* _Exercise requirements_: Beginning with the line that contains "Knik : excursion", restate each line below through the final one exactly, and exclude the pictures.

=-=-=

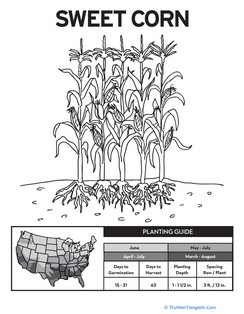 Planting Corn!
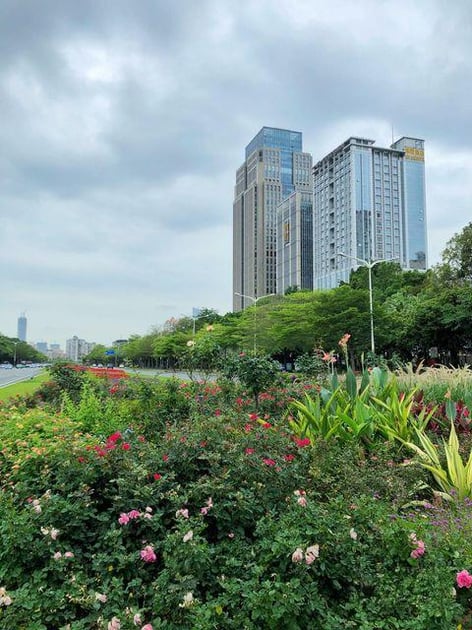 True Go Hotel (Garden Expo Park Branch, Zhuzilin Subway Station, Futian District, Shenzhen)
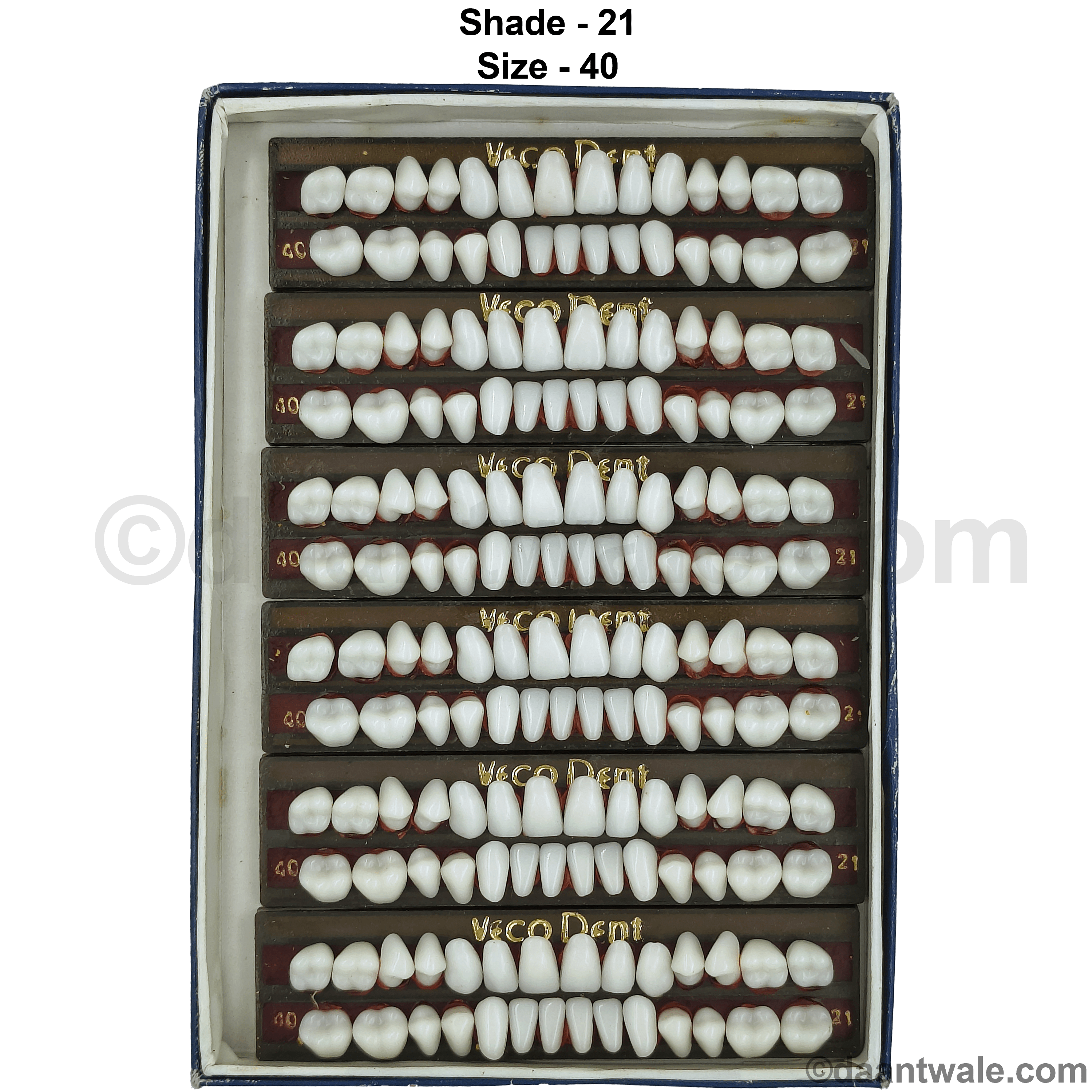 Vecodent Super Acrylic Teeth Set of 28 (Box of 6) Shade 21 (Bright White)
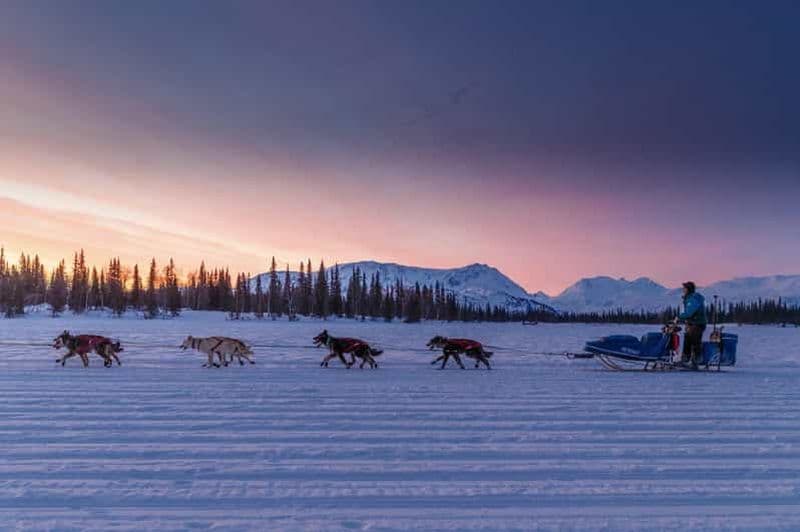 Knik : excursion hivernale en traîneau à chiens
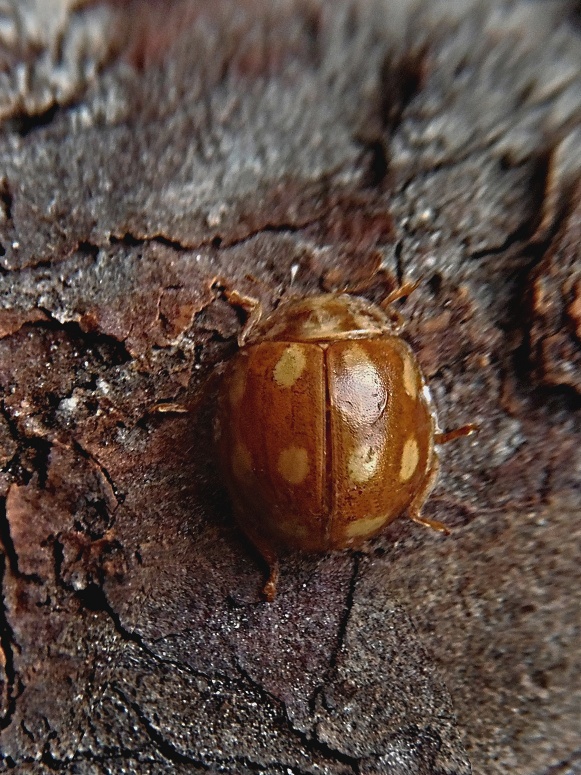 lienka    Calvia decemguttata Linnaeus, 1767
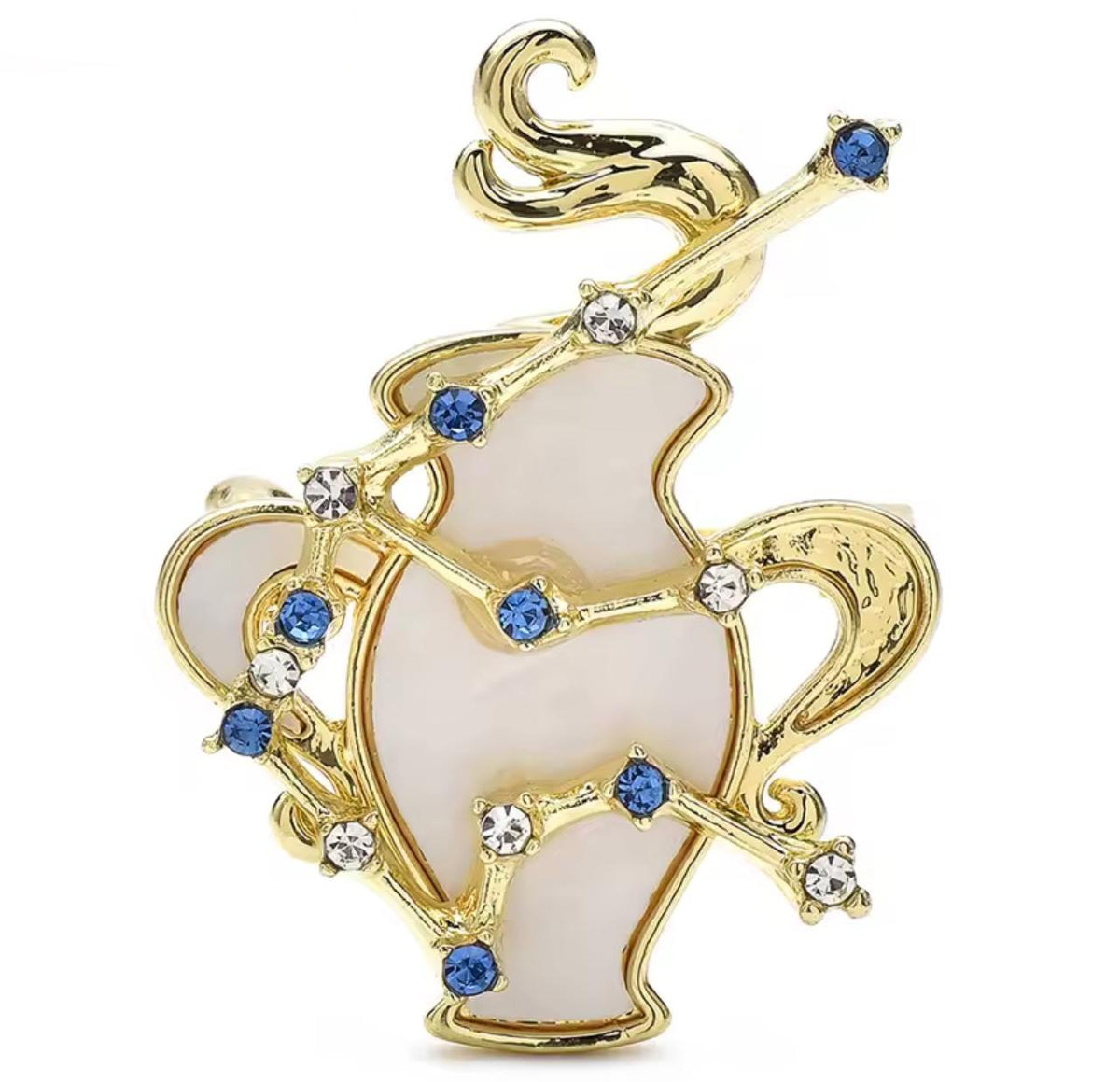 Broche Zodíaco Luxo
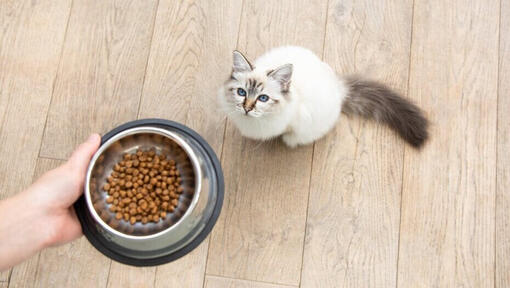 main qui sert une gamelle de croquettes à un chat blanc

=-=-=

* _Expected output_:
 Knik : excursion hivernale en traîneau à chiens
 lienka    Calvia decemguttata Linnaeus, 1767
 Broche Zodíaco Luxo
 main qui sert une gamelle de croquettes à un chat blanc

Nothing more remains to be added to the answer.